If you’re ready to blend YouTube and SEO into a single strategy but aren’t sure where to start, this quick-start playbook will help. It walks you through a simple, repeatable process for turning your existing blog posts into multimedia assets that perform better in search and engage visitors for longer.

1) Audit and pick your winners

  • Identify 10–20 posts with steady traffic or close to page-one rankings
  • Prioritize posts with clear search intent and a teachable topic

2) Make one focused video per post

  • Aim for 5–10 minutes for length
  • Hook fast, teach clearly, recap next steps
  • Include a plain-spoken CTA (download, demo, or “read the full guide”)
  • Title: Include the primary keyword in YouTube videos naturally
  • Description: Write 2–3 useful paragraphs, timestamps, and link to the post
  • Chapters: Improve UX and watch time
  • Thumbnail: Keep it simple, bold, and readable

4) Embed the video near the top of the post

  • Place it above the fold or after the intro
  • Add a short blurb about what viewers will learn and why it helps

5) Repurpose smartly

  • Post short clips on LinkedIn
  • Use a pull-quote and link in your newsletter
  • Cut a 30–60s short for YouTube Shorts

6) Measure what matters

  • Track metrics over 60–90 days:
    • Page: Organic clicks, impressions, Top-3 keyword count
    • Video: Impressions, CTR, average view duration, watch time, subscribers
    • Business: Demo requests, sign-ups, assisted conversions

By following this framework, you’ll create a sustainable rhythm for producing videos that complement your written content and steadily improve visibility across both Google and YouTube. 

What to Do After Your First YouTube Wins

continue to use video content marketing as part of your long-term strategy

Once you’ve seen early success from adding videos to your existing blog posts, the next step is to make the process part of your long-term strategy. Start by systematizing your approach and shifting your editorial calendar to a video-first mindset so that each new topic includes both a written and visual plan. 

From there, begin targeting more competitive keywords that might have been out of reach with written content alone. Video gives you a better chance of ranking for those higher-difficulty terms, especially when optimized correctly. You can also expand your formats beyond standard how-to videos to include comparisons, walkthroughs, checklists, and even teardown reviews.

Finally, focus on owning more of the search results page. Aim to show up in multiple spots, such as your page listing, YouTube carousel, People Also Ask sections, and, when relevant, paid placements. This will maximize your brand’s visibility wherever your audience searches.

Utilize Your Written Content as Video Content for Marketing Today

Search behavior is shifting, and text alone no longer delivers the same visibility. Pairing YouTube video content for marketing with your top blog content helps you reach new audiences, boost authority, and often double your keyword coverage.
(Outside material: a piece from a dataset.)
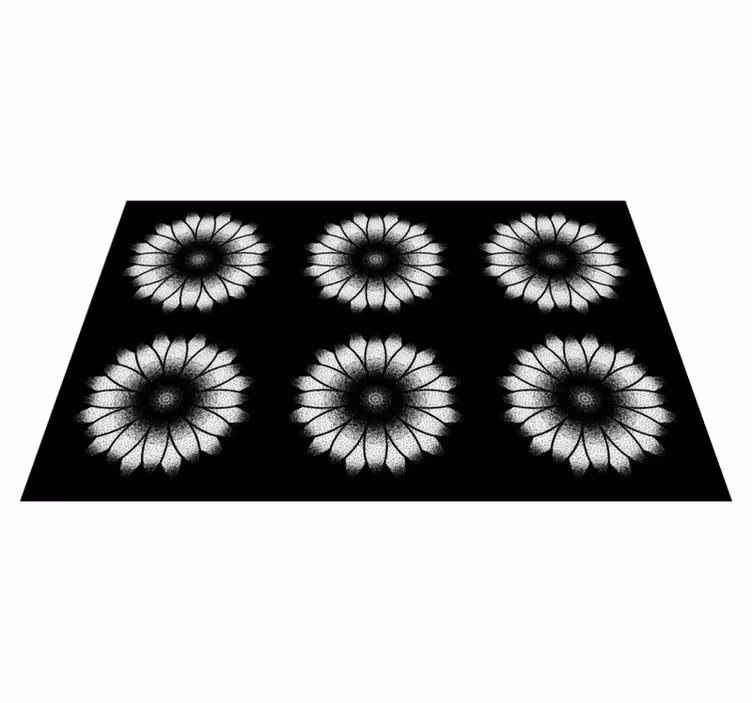 tapis vinyle cuisine Tournesol noir - TenStickers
If you need help identifying your top pages for SEO, BKA Content can help. Schedule a consultation with our content experts to see where your site sits and what you can focus on to improve your SEO strategy today.

    FAQs About Using YouTube Video Content for Marketing

    Is blogging for SEO dead?

    No, blogging is not dead. Traditional SEO practices still have value. Text still ranks and converts, especially for service and product pages. But combining video and text outperforms just text alone.

    Do I need a studio to start making YouTube videos?

    No, you don’t need a dedicated studio to start making videos for content. All you need is clear audio, decent lighting, and a simple outline. This will beat over-produced videos that don’t actually answer the query.

    How often should I publish videos on YouTube?

    Start with one video per top post you have. After that, a weekly video cadence should be sustainable for most teams.

    Where should the YouTube video live?

    Host the video on YouTube for discovery. Then embed the video on your site for quality and engagement. It’s ideal to embed the video on the same page that video content is about.